Integral Form of Taylor Expansion and Its Generalizations to Discrete Calculus, Variational Inverse Problems, and the Duality of Differential and Integral Transforms

This paper systematically explores the integral remainder of Taylor's theorem and extends this idea to discrete calculus (differences and sums), to variational calculus (higher variations of functionals), and to inverse variational problems (recovering a functional from its Euler--Lagrange operator). We first give a rigorous proof of Taylor's theorem with integral remainder and discuss equivalent forms, connections with Lagrange remainder, error estimates, multivariate generalization, and the complex analytic counterpart. Next, we establish a discrete analogue: the Newton forward formula with a sum remainder, proved by discrete summation by parts and combinatorial identities; we also extend it to arbitrary step size.
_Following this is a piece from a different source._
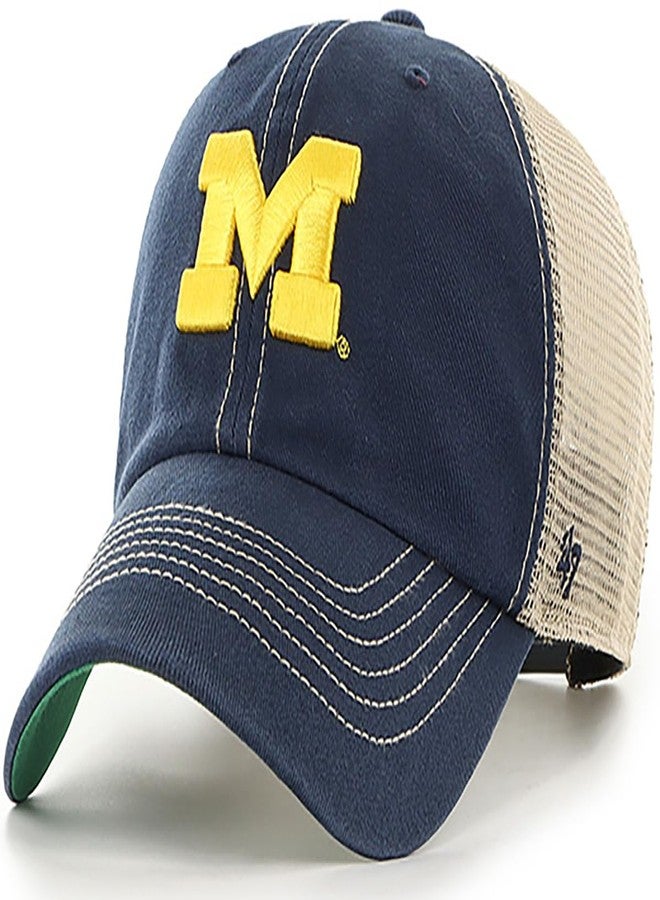 47 NCAA Trawler Primary Logo Team Color Mesh Trucker Clean Up Adjustable Hat, Adult One Size Fits All, Michigan Wolverines, One size - Image 1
Then we introduce higher variations of functionals under Fr\'echet differentiability and derive the Taylor formula with integral remainder for functionals, illustrating it with the action functional. Subsequently, We derive the Helmholtz integrability conditions from the self-adjointness of the linearized operator, and present a rigorous proof of the path-integral construction of the Lagrangian based on a direct computation of the Euler--Lagrange operator. We then elevate this theory to the higher-order setting, providing a complete solution to the inverse problem for $k$-th order variations. Finally, we explore a continuous analogue of the Taylor series via the Mellin transform, which encodes the Taylor coefficients in the residues of its poles. These different manifestations reveal a unified theme: the reciprocity between differentiation (or its discrete/variational analogues) and integration (or summation/path integration), and the underlying duality between differential and integral transforms.